Pthread Question: Is Unlocking a Mutex from a Different Thread Supported?

It seems that unlocking a mutex from a thread that is different from the one where it was locked is not supported by POSIX standards, even if it seems to work in practice:

pthread_mutex_unlock unlocks the given mutex. The mutex is assumed to
be locked and owned by the calling thread on entrance to
pthread_mutex_unlock. If the mutex is of the ``fast'' kind,
pthread_mutex_unlock always returns it to the unlocked state. If it is
of the ``recursive'' kind, it decrements the locking count of the mutex
(number of pthread_mutex_lock operations performed on it by the calling
thread), and only when this count reaches zero is the mutex actually
unlocked.

On ``error checking'' mutexes, pthread_mutex_unlock actually checks at
run-time that the mutex is locked on entrance, and that it was locked
by the same thread that is now calling pthread_mutex_unlock. If these
conditions are not met, an error code is returned and the mutex remains
unchanged. ``Fast'' and ``recursive'' mutexes perform no such checks,
thus allowing a locked mutex to be unlocked by a thread other than its
owner. This is non-portable behavior and must not be relied upon.

If I actually need to do something equivalent, what is the most efficient way to do it?

For example, let's say that I have a main thread and 2 "slave" threads and that I want to activate the slave threads at some point in the main thread and wait for them to complete before continuing. Right now I am doing the following:

Main Thread:
Lock Mutex Ai
Lock Mutex Bi
Lock Mutex Af
Lock Mutex Bf
CONTINUE=true
Start Thread A
Start Thread B
...
FOR LOOP {
//Ask the slave threads to start
Unlock Mutex Ai
Unlock Mutex Bi
...
//Do some stuff while the threads are running
...
//Wait for the threads to complete
Lock Mutex Af
Lock Mutex Bf
Read Thread A result
Read Thread B result
Combine Thread A & B results
...
}
...
//Stop the threads
CONTINUE=false
Unlock Mutex Ai
Unlock Mutex Bi
Unlock Mutex Af
Unlock Mutex Bf
Wait for Thread A to terminate
Wait for Thread B to terminate

Thread A:
INFINITE LOOP {
Lock Mutex Ai
IF(CONTINUE) {
...
//Compute stuff
...
Store result
} ELSE return
Unlock Mutex Af
}

Thread B:
INFINITE LOOP {
Lock Mutex Bi
IF(CONTINUE) {
...
//Compute stuff
...
Store result
} ELSE return
Unlock Mutex Bf
}

To me it seems to be an efficient way to do parallel processing (for a particular application where the results from both slave threads need to be combined after each iteration). Is there another way that is as efficient, but POSIX-compliant, to do the same thing? My current code seems to be deadlock and race condition free, but I would not like things to break up in the case of an API change...

Thanks!
 
Indeed, according to POSIX, attempts to unlock PTHREAD_MUTEX_NORMAL and PTHREAD_MUTEX_DEFAULT by a thread that has not locked them, results in undefined behaviour whereas PTHREAD_MUTEX_ERRORCHECK and PTHREAD_MUTEX_RECURSIVE both return an error.
Have you ever thought about using POSIX semaphores? A thread can sem_post() a semaphore which some other thread has been sem_wait()'ed on.
 
anemos said:
Indeed, according to POSIX, attempts to unlock PTHREAD_MUTEX_NORMAL and PTHREAD_MUTEX_DEFAULT by a thread that has not locked them, results in undefined behaviour whereas PTHREAD_MUTEX_ERRORCHECK and PTHREAD_MUTEX_RECURSIVE both return an error.
Have you ever thought about using POSIX semaphores? A thread can sem_post() a semaphore which some other thread has been sem_wait()'ed on.

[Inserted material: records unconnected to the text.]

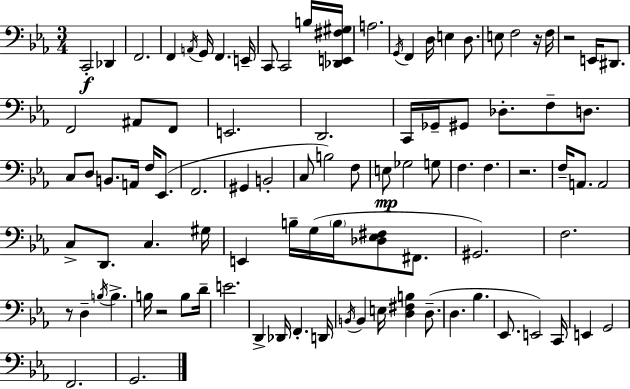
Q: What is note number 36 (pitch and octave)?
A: B2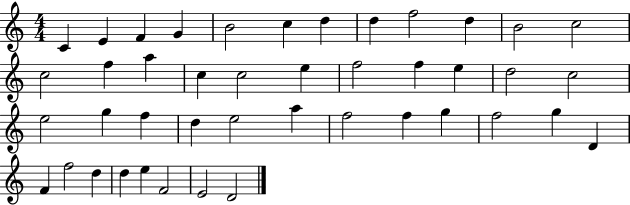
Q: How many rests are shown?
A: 0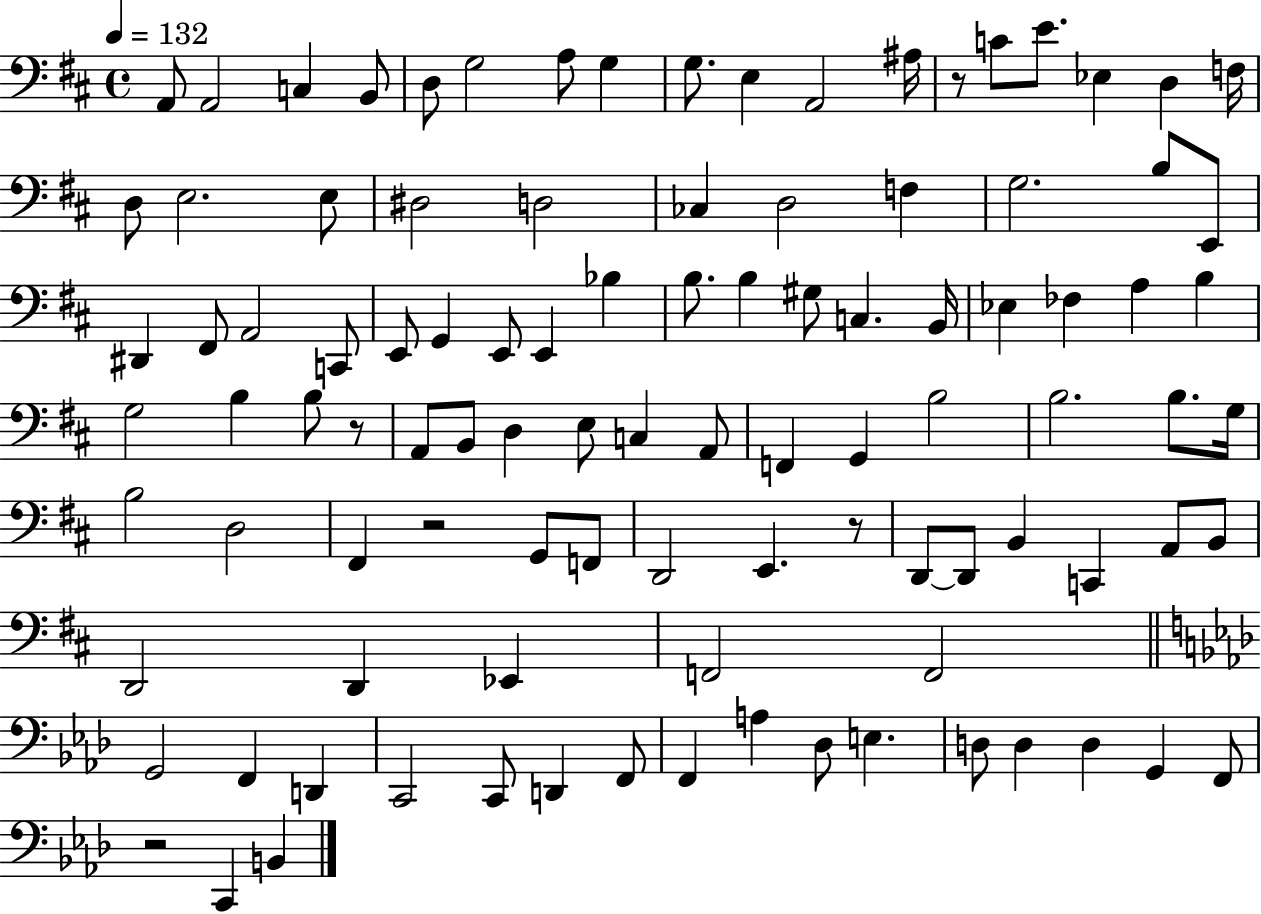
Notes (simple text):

A2/e A2/h C3/q B2/e D3/e G3/h A3/e G3/q G3/e. E3/q A2/h A#3/s R/e C4/e E4/e. Eb3/q D3/q F3/s D3/e E3/h. E3/e D#3/h D3/h CES3/q D3/h F3/q G3/h. B3/e E2/e D#2/q F#2/e A2/h C2/e E2/e G2/q E2/e E2/q Bb3/q B3/e. B3/q G#3/e C3/q. B2/s Eb3/q FES3/q A3/q B3/q G3/h B3/q B3/e R/e A2/e B2/e D3/q E3/e C3/q A2/e F2/q G2/q B3/h B3/h. B3/e. G3/s B3/h D3/h F#2/q R/h G2/e F2/e D2/h E2/q. R/e D2/e D2/e B2/q C2/q A2/e B2/e D2/h D2/q Eb2/q F2/h F2/h G2/h F2/q D2/q C2/h C2/e D2/q F2/e F2/q A3/q Db3/e E3/q. D3/e D3/q D3/q G2/q F2/e R/h C2/q B2/q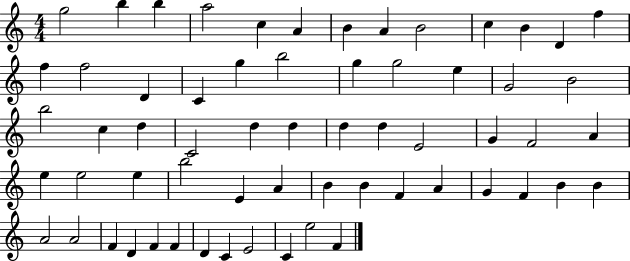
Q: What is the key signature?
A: C major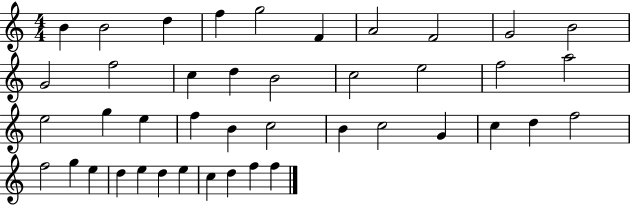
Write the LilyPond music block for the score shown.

{
  \clef treble
  \numericTimeSignature
  \time 4/4
  \key c \major
  b'4 b'2 d''4 | f''4 g''2 f'4 | a'2 f'2 | g'2 b'2 | \break g'2 f''2 | c''4 d''4 b'2 | c''2 e''2 | f''2 a''2 | \break e''2 g''4 e''4 | f''4 b'4 c''2 | b'4 c''2 g'4 | c''4 d''4 f''2 | \break f''2 g''4 e''4 | d''4 e''4 d''4 e''4 | c''4 d''4 f''4 f''4 | \bar "|."
}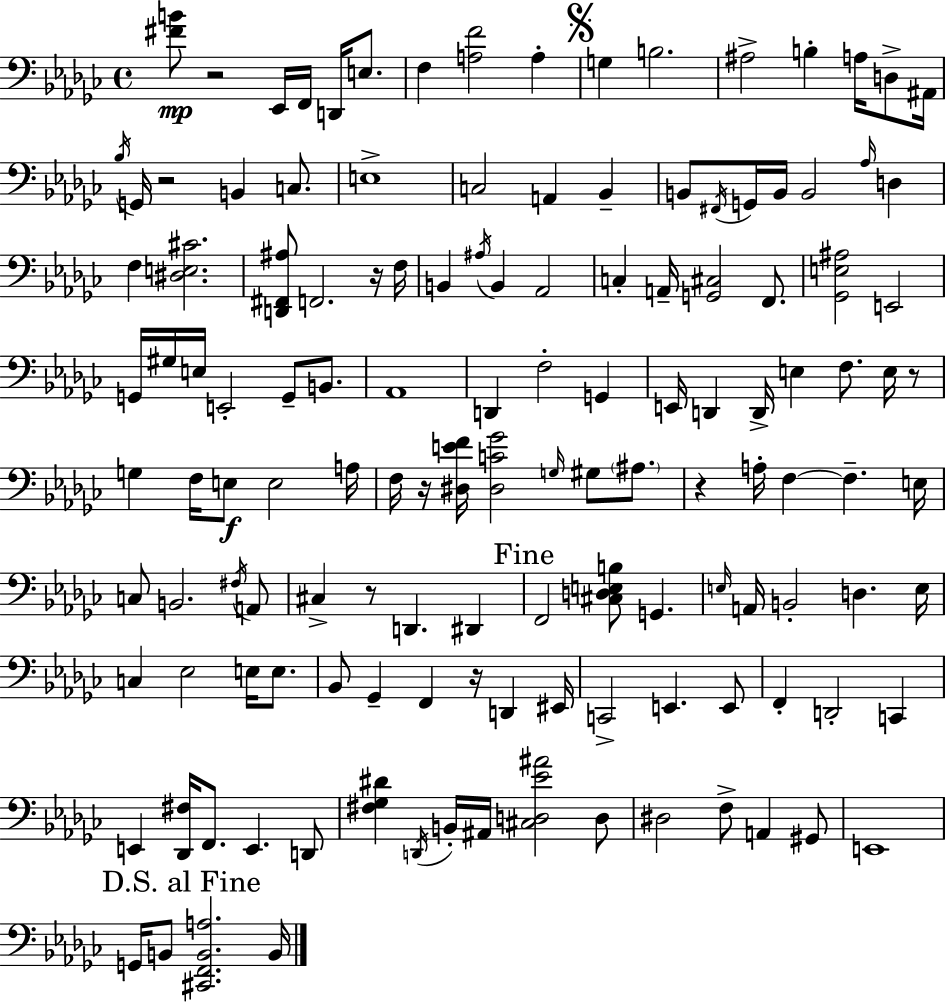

POSIX semaphores certainly seem to be very interesting. What would be ideal I think would be to have a way to block the main thread as long as some counter is non-zero and decrement this counter in threads A & B (some kind of "anti-semaphore"). Is there a POSIX "tool" that allows to do that directly?
 
kreyszig said:
To me it seems to be an efficient way to do parallel processing (for a particular application where the results from both slave threads need to be combined after each iteration).

Depends on what you're happy to accept as 'efficient enough'. If this is a one-shot computation, and you have no need to scale beyond two threads, and the work being done by each thread is sufficient to hide all overhead, then it may well be worth correcting the code above.

If not (i.e. if performance and scalability are important), then you might want to consider reworking things.

Semaphores (counting or binary) and/or pthread condition variables can handle your use-case cleanly and correctly - it's a common pattern (specialization of 'single producer multiple consumer'). The 'specialization' in this case should simplify the model even further, and if you're really just looking to process a single block of work as quickly as possible (by distributing work units over multiple threads) then it can be done very efficiently if your infrastructure is set up correctly (thread pool, lock-free/atomic ops etc).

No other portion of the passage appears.